If I’d been a sheep in the North, I could have been hefted. Traditionally, ewes heft their lambs from an early age, teaching them which patch of upland pasture is their ‘heaf’, passing on a sense of belonging there. And once lambs have that, they don’t need fences – they just don’t stray.

Well, I’m not a sheep, and I have strayed from where I was reared. But there’s something about that idea of being hefted that feels right. When I’m back in the landscape of my childhood there’s a sort of gravitational tug, like I recognise the place at a gut, cellular level.

I’ve lived near the South Downs for more of my life than I’ve lived anywhere else, and I love it here. But I was hefted in the north – actually in the middle of a town full of factories and choked in soot – but next door to the moors that run into the Pennines. Oldham now markets itself as ‘Gateway to the Pennines’.

This story takes place on the morning of Sunday November 14th 2010. I’m in Oldham to help move my mum, who’ll be 94 two days later, into a home for people with severe dementia. The home is in an area of Oldham called Moorside and it is exactly that, by the side of the moors.

It’s Remembrance Sunday, which is ironic. My mum was born in the middle of the first world war and married in the middle of the second but now her 90-odd year old memory hoard is spilt and scattered like disassembled lego across a child’s bedroom floor.

One month earlier her first great-grandchild, my grand daughter, Eleanor Rose, was born in Brighton and I’ve brought a photo to show my mum. I can see she knows it should be significant – and I’m touched by her effort – but her main focus is on trying to walk through a plate glass window to reach her sister, May, who she thinks she sees on the other side. May has been dead for nearly twenty years.

Shortly before 11 o’clock, I leave my mum briefly to head into town and pick up some bits and pieces for her. But soon I have to stop the car on a deserted moorside road. It’s all been too much, and this familiar Oldham edge landscape is getting to me.  I plug right in to its grey-tinted melancholy. There’s a scrubby hill to my left and a solitary white horse grazing a field to my right. Beyond that, dark dry-stone walls scratch a tattoo across broad-shouldered hills into the distance.

I’m back to my own beginnings here, while, hundreds of miles South, little Eleanor Rose, right at the start of life, blinks out of the window at a blurry view across the South Downs, and my mother, nearby, conjures visions way beyond Oldham as she nears her end.

Then around the bend in front of me, comes the most wondrous, life-sized radiant white figure, floating smoothly towards me, like a visitation from some miraculous being – Our Lady of Lourdes come down to Moorside to cure my mum?

And I’m just awestruck. I wind down my window. I raise my hand to wave. I don’t know what for.

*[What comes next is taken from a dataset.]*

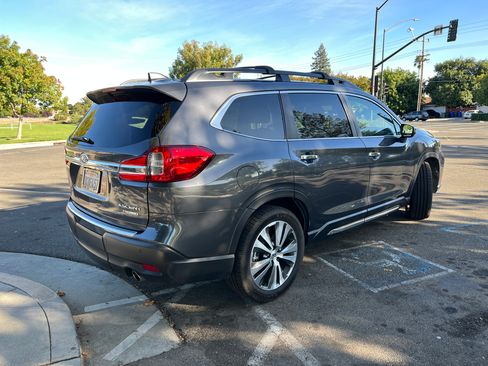 Used 2019 Subaru Ascent Touring w/ Popular Package #3 AWD/4WD image 4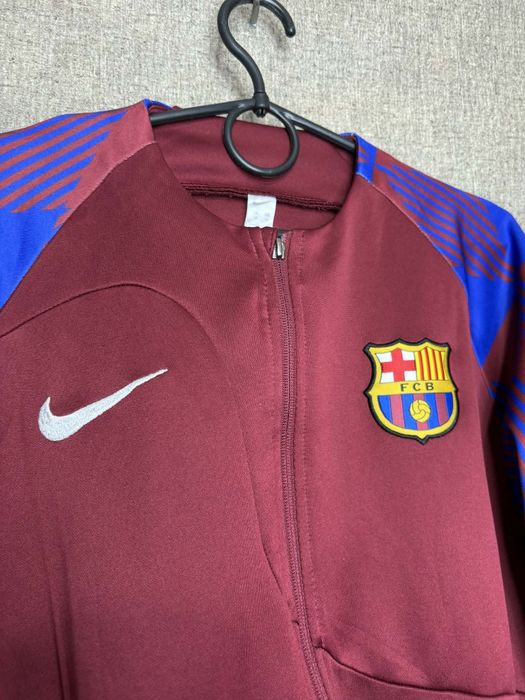 Bluza rozpinana sportowa Nike FCB 18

And he floats on, (it’s a he) past the white horse (that by rights he should be riding) past my car, not noticing me (that’s only right for a supernatural being). And I’m left there, in awe – the way he owned this road, this time, his place in this landscape – it’s had an astonishing effect.

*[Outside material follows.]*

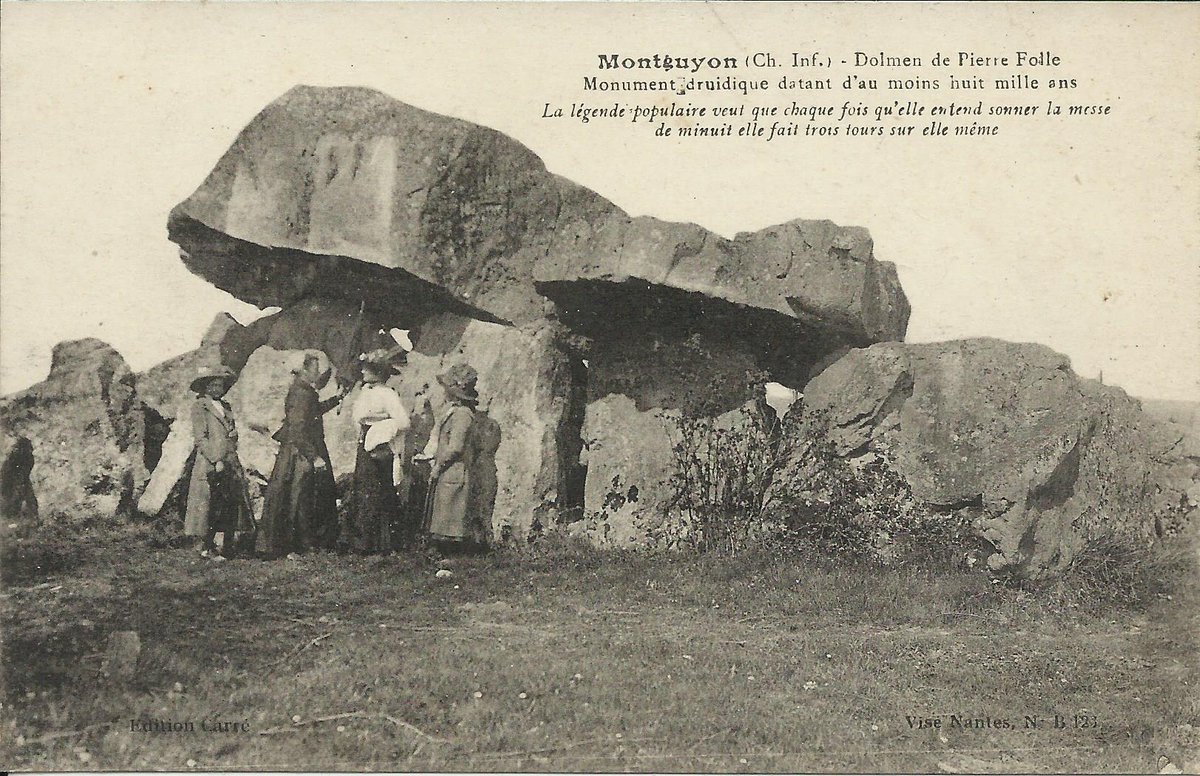 This is the southern face of the Aquitaine allée couverte of La Pierre Folle in Montguyon (Charente-Maritime). The 9m long chamber gradually rises in height. The small blocks on the left are from a dolmen angoumoison which was added on the west at a later date. #TombTuesday.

As rationality trickles back to me, I piece things together and realise that my vision was a very tall, elderly, white-bearded Asian man wearing a white tunic jacket and elegant white turban, riding a white mobility scooter – hence the smooth, slow, floating effect. Perhaps because of the day and the time of day, and his purposeful upright bearing, I make a guess that he could be a former Indian soldier on his way to a remembrance service.

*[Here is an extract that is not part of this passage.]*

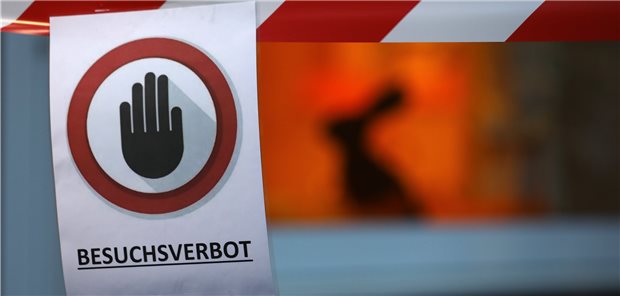 Das Besuchsverbot ist aufgehoben: In NRW ist seit 10. Mai wieder erlaubt, dass Bewohner in stationären Pflegeheimen besucht werden.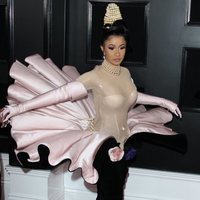 Cardi B en la alfombra de los Grammy 2019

And that brings to mind another place: the Chattri on the Downs, the memorial to Indian soldiers from the first world war.  I look across at the white horse in the empty field; I think of the white-domed Chattri, and for a moment the two landscapes blur together like a double exposure film: the moorlands on the edge of Oldham, where I was hefted, and the beautiful South Downs where I hefted my own family that is now busy hefting a new generation.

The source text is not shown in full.